Ms Stroppiana impressed judges with her honours project into the compounds released from the roots of Australian native species and how they affect the breakdown of nitrogen in soils (nitrification).
The long-term implication of the project is to model synthetic nitrification inhibitors to improve nitrogen use efficiency in cropping systems.
“I'm very honoured to have received this prestigious award – agriculture is an essential industry and it's great to see the AIA and Peracto promoting high-level science in this area.
“I'm encouraged by the quality of the research being undertaken by my peers, and hope that as the next generation, we can continue to innovate and advance agriculture in Australia,” Ms Stroppiana says.
Elya Richardson from Tasmania was runner-up, while Chris Baldock from NSW took out third place.
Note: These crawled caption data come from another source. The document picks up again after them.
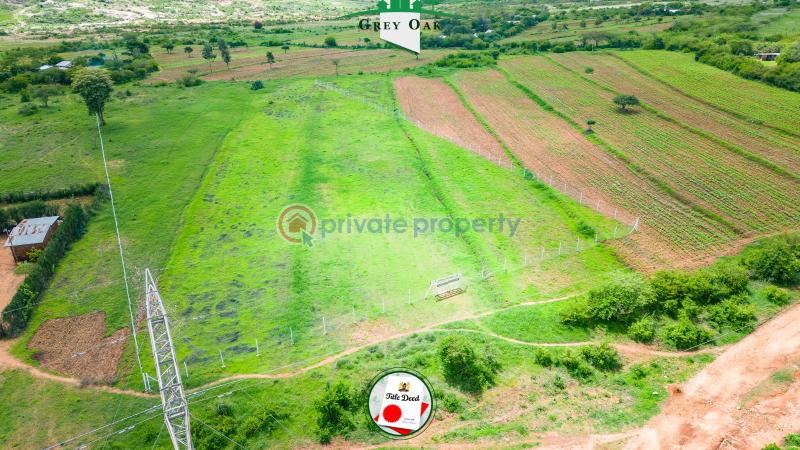 Mixed use Land For Sale Lukenya Machakos Athi River  - 4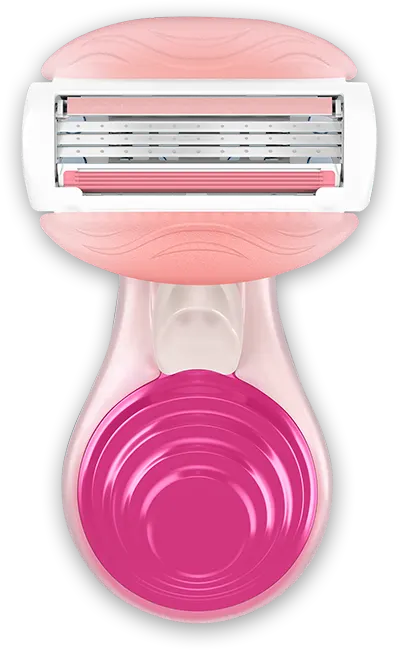 Gillette Venus ComfortGlide White Tea Razor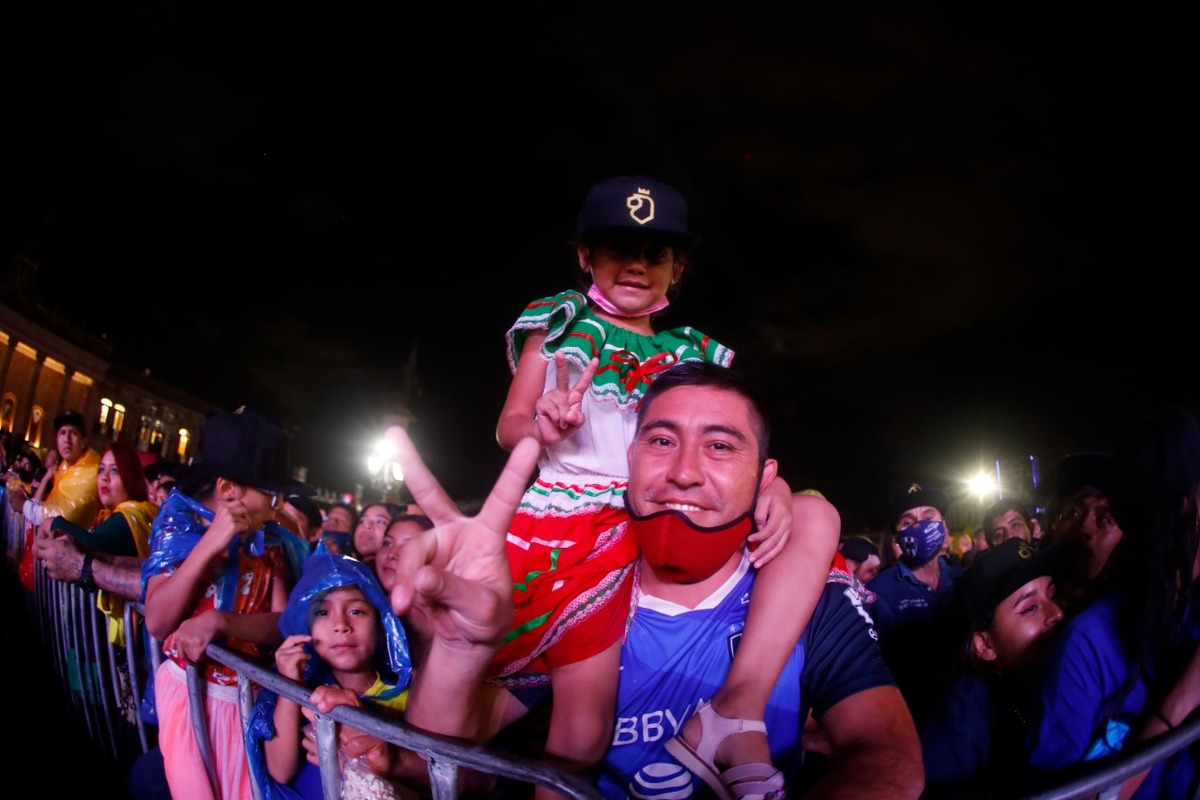Grito de Independencia en Nuevo León: Así viven las fiestas patrias. Foto: Jorge López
The award was presented in Adelaide at AIA’s Innovation Conference, where delegates heard from Australia’s Chief Scientist in his first official visit to Adelaide,
Dr Alan Finkel outlined areas of innovation for the agricultural sector to target in what he termed ‘three boundless plains’.
The three areas were to ‘boost yield’, ‘boost the dollar return’ and focusing on ‘selling what we know, as well as what we grow’.
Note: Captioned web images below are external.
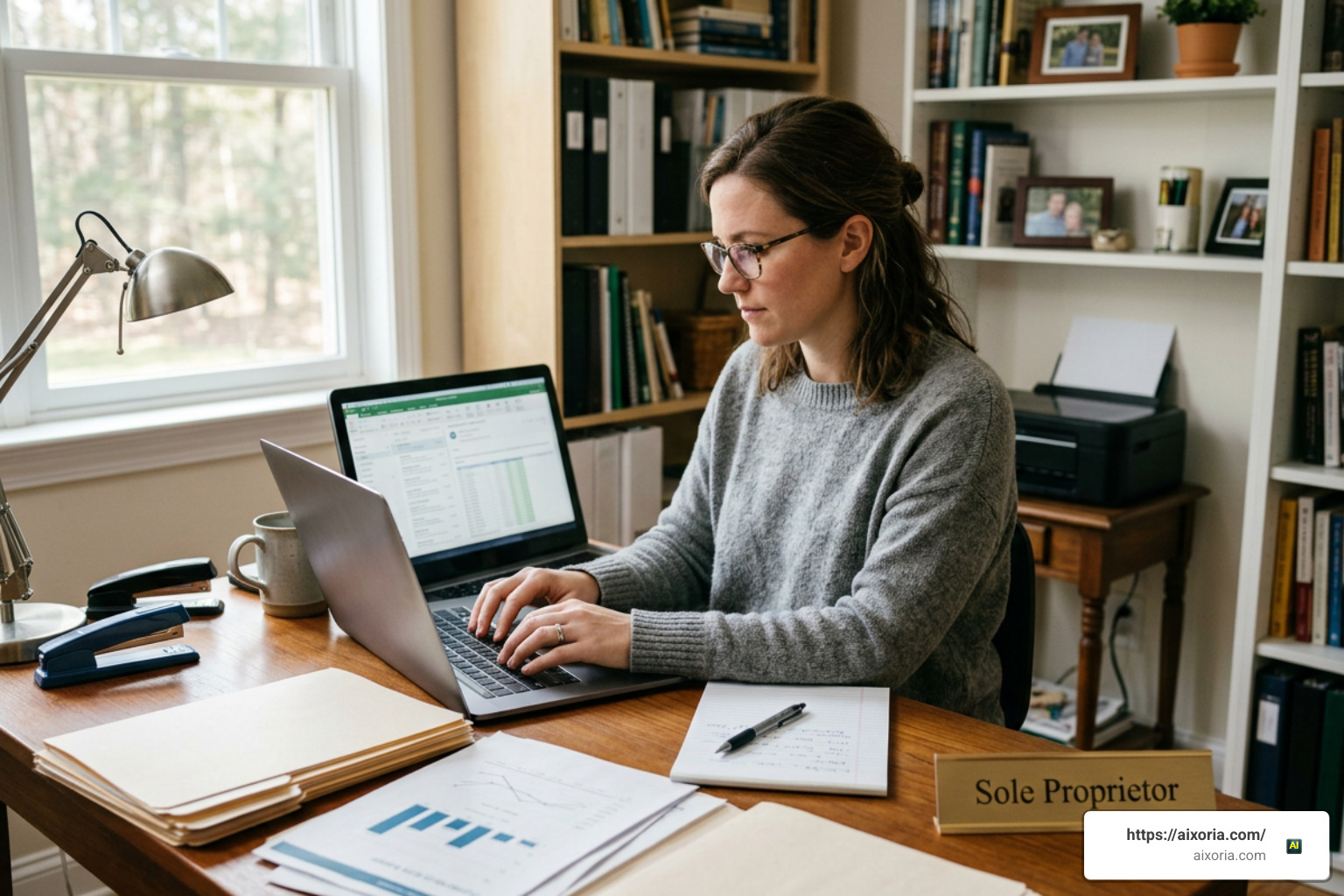 sole proprietor business insurance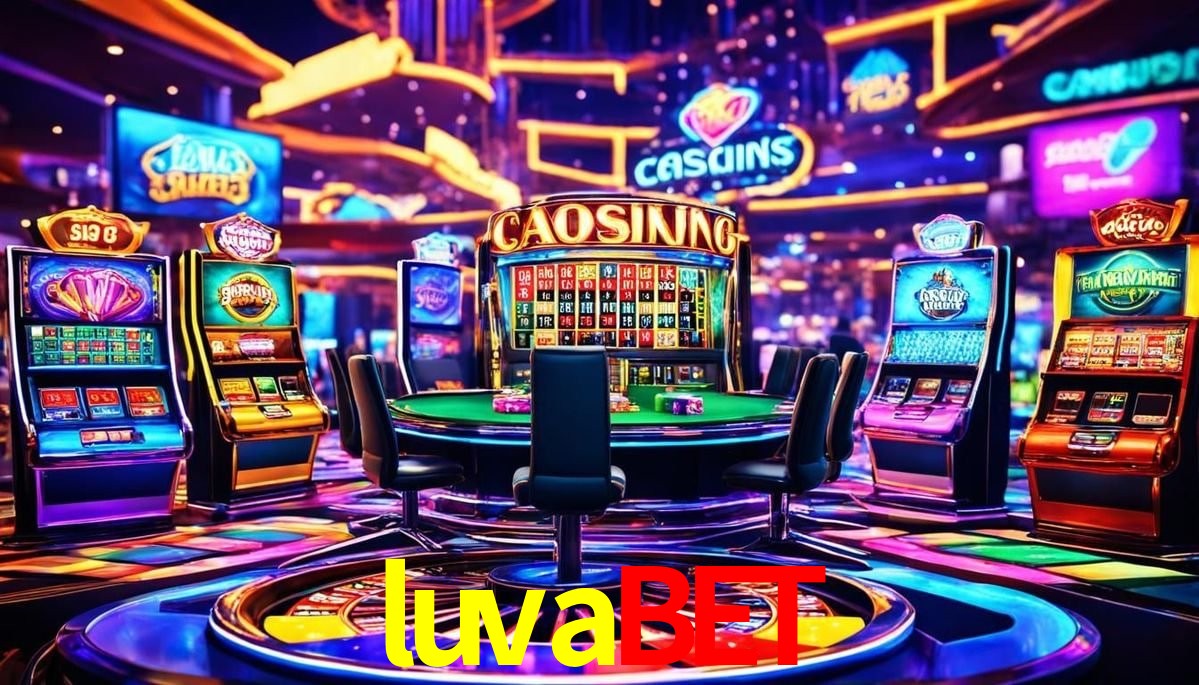 Apostas Esportivas na luvabet: Um Guia Completo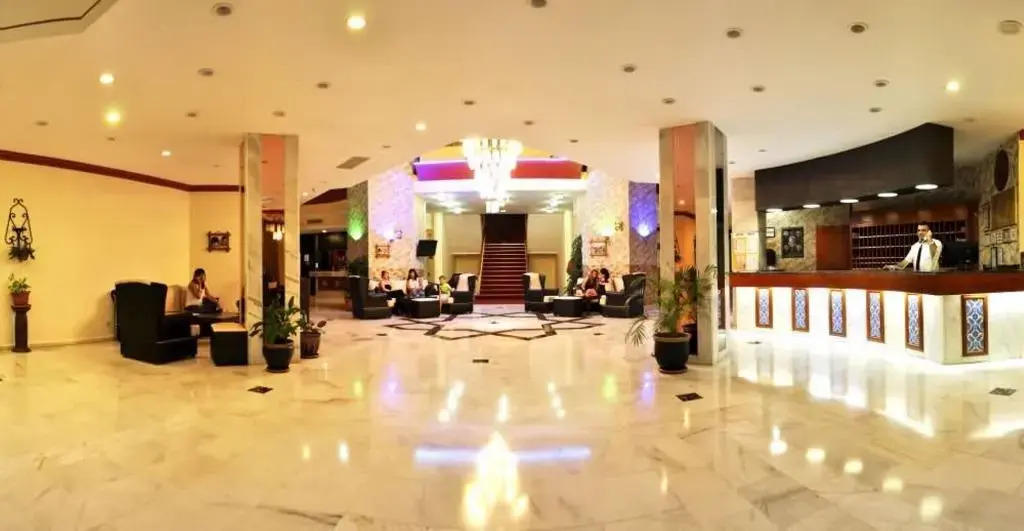 Alanya First Class Hotel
“We’ve cracked the challenge of farming in six different climatic zones, from temperate to equatorial to desert.
“So why not profit from that expertise and win investment at the same time in local research, local skills and local firms?” Dr Finkel asked the audience.
In other news from the conference, a new chairman of AIA was appointed, Andrew Bishop from Tasmania.
Mr Bishop, who is Chief Plant Health Manager for the Department of Primary Industries, Parks, Water and Environment (Tasmania) says taking the helm of an organisation such as Ag Institute Australia at a time of such innovation in the sector was an honour.
“It’s an exciting time in agriculture, as was made obvious by our guest speakers discussing innovation in all aspects of agriculture at our conference in Adelaide today.
“We heard from both ends of the innovation pipeline, from policy to on-farm benefits, and when you add in the enthusiasm and passion of the Student Award finalists, it certainly highlighted the challenges and, more importantly, the opportunities ahead,” Mr Bishop said.